- _Exercise materials_:
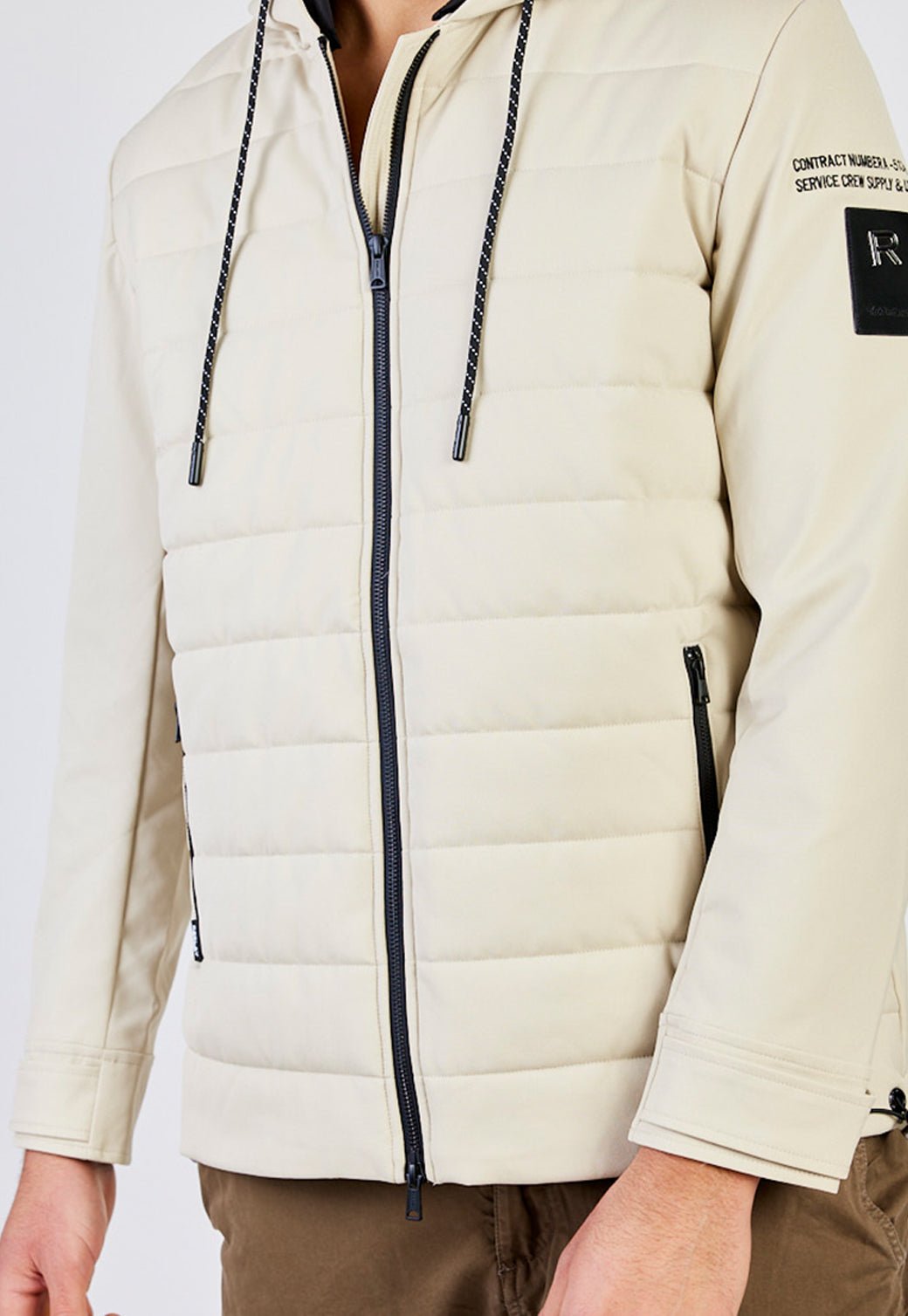 מעיל פאפר גברים - Replay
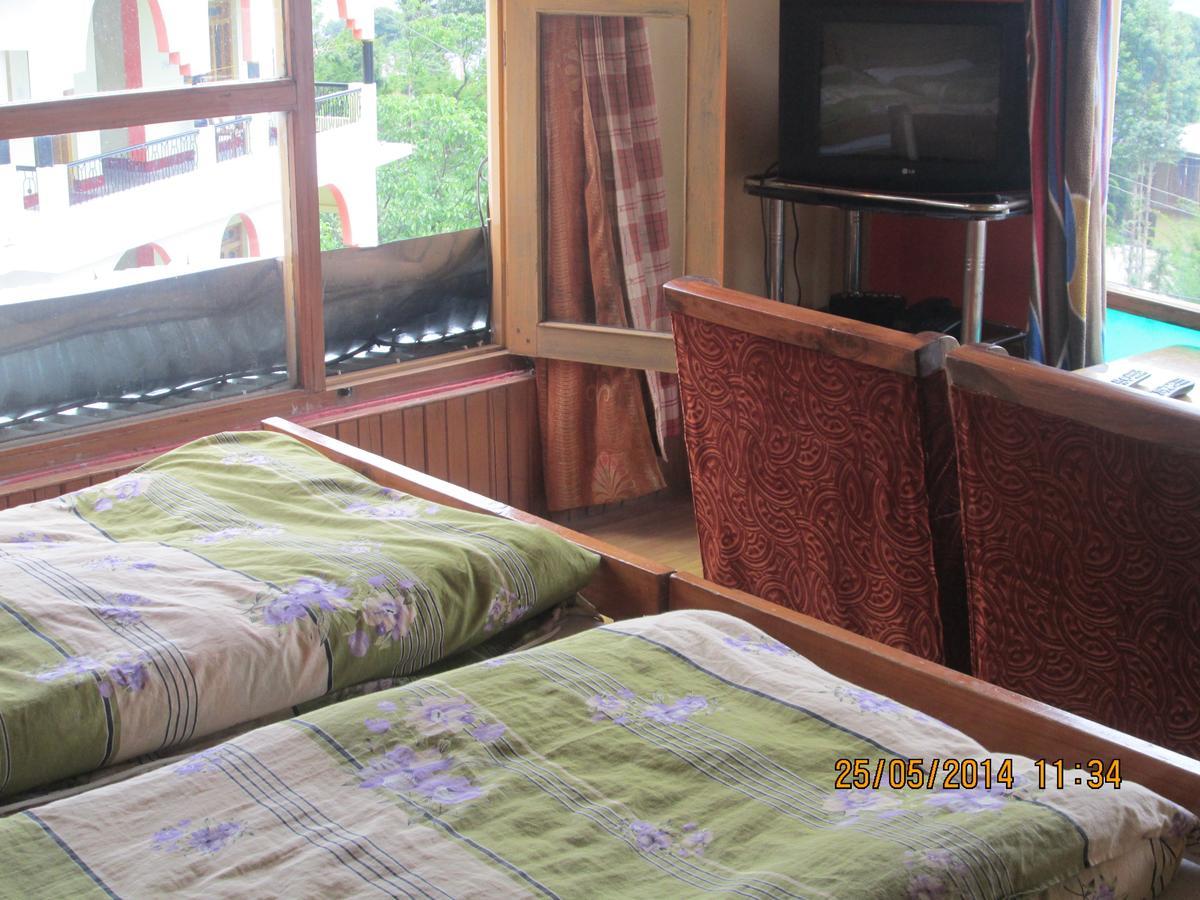 Pandey Lodge Buin 객실 사진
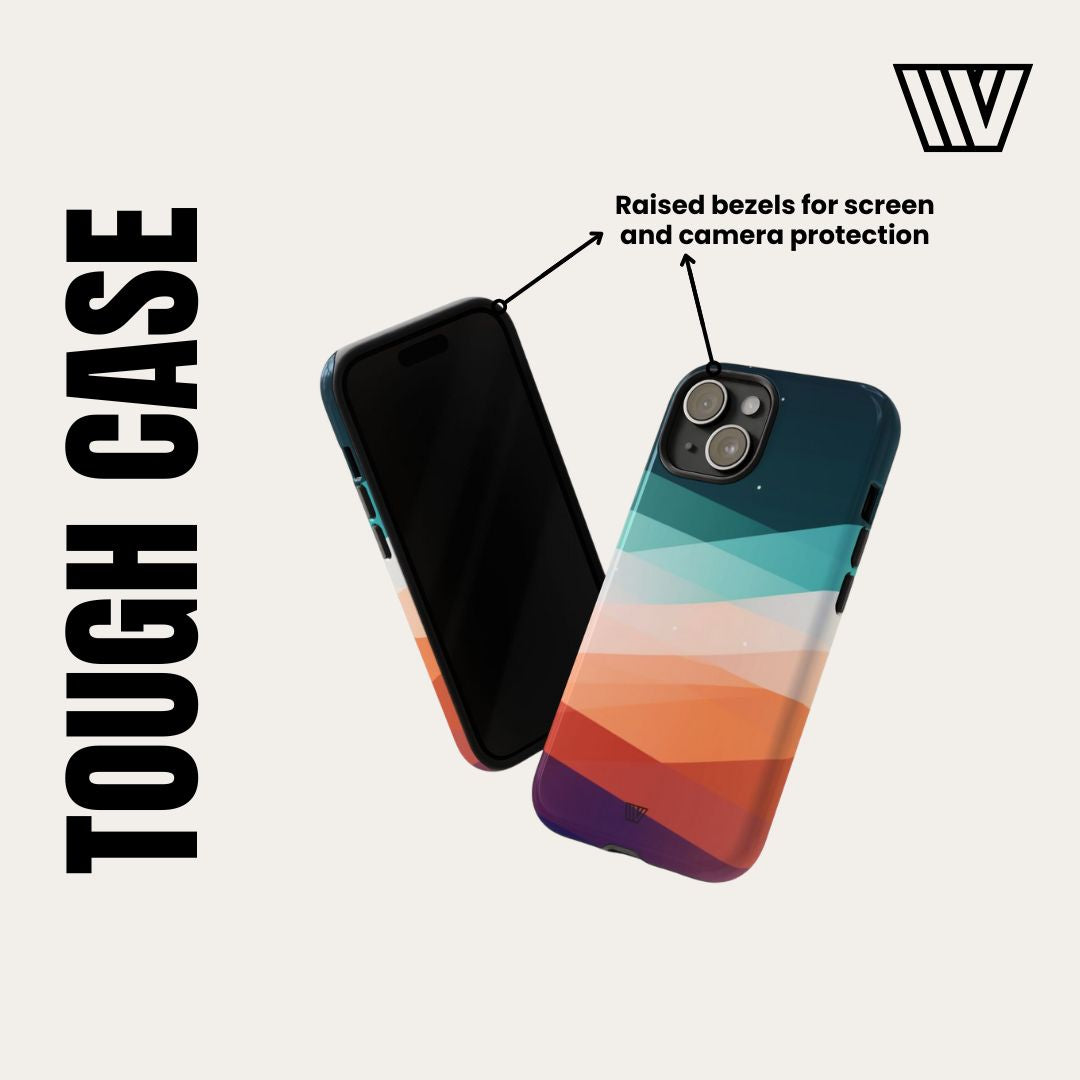 WHITEOUT Phone Case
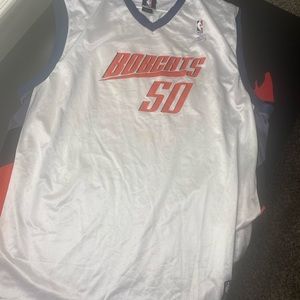 Charlotte Bobcats Emeka Okafor Jersey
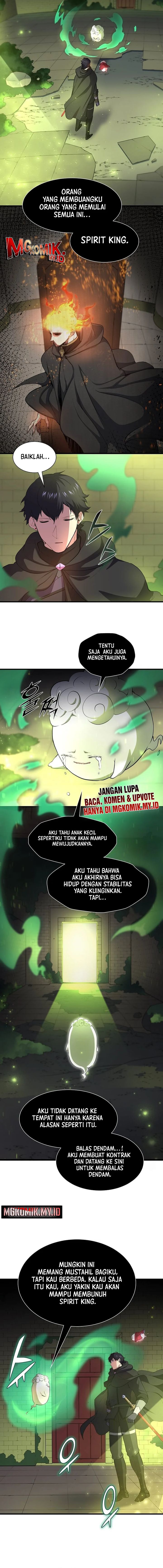 Leveling Up with Skills Chapter 90 Gambar 9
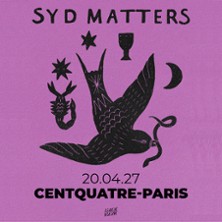 SYD MATTERS + 1ere PARTIE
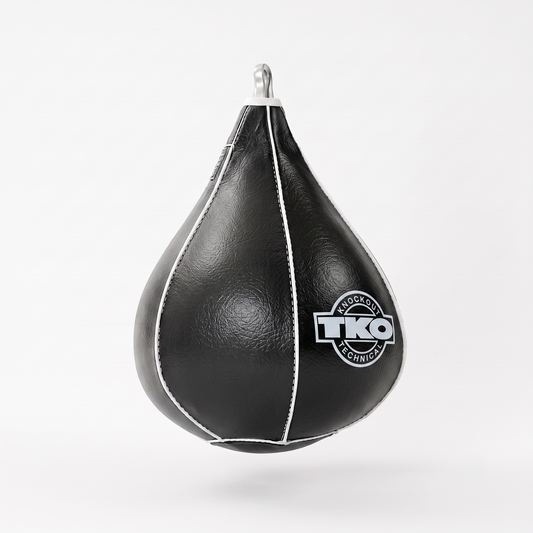Bolsa de Velocidad TKO Pro Line Speed Negro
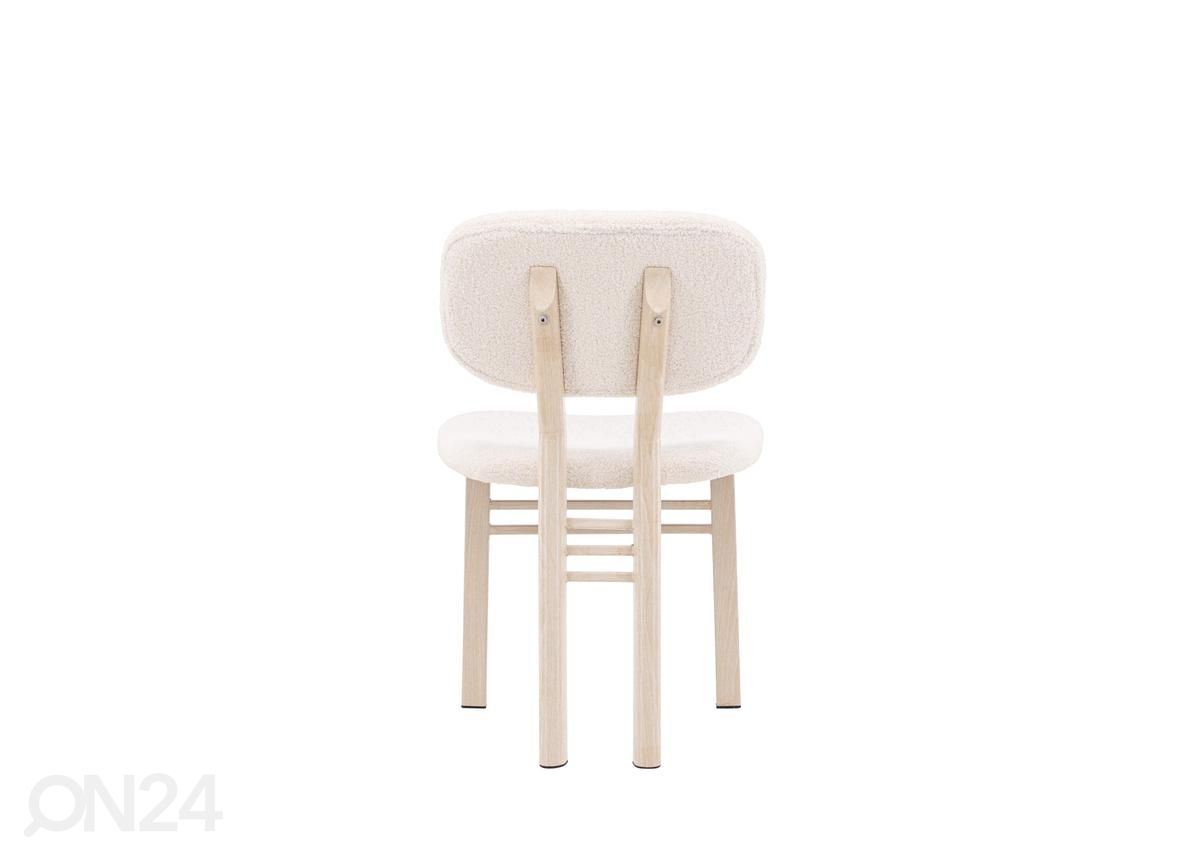 Ruokapöydän tuolit Sia, 2 kpl kuvasuurennos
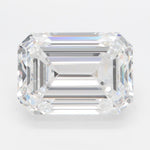 IGI 3.10 Carat Emerald Lab Grown Diamond 人工培育鑽石 實驗室人造鑽石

- _Task item_: Each line from the one with "Bolsa de Velocidad TKO Pro Line Speed Negro" to the end of the material needs to be output word for word, with no picture included.

- _Written response_:
Bolsa de Velocidad TKO Pro Line Speed Negro
 Ruokapöydän tuolit Sia, 2 kpl kuvasuurennos
 IGI 3.10 Carat Emerald Lab Grown Diamond 人工培育鑽石 實驗室人造鑽石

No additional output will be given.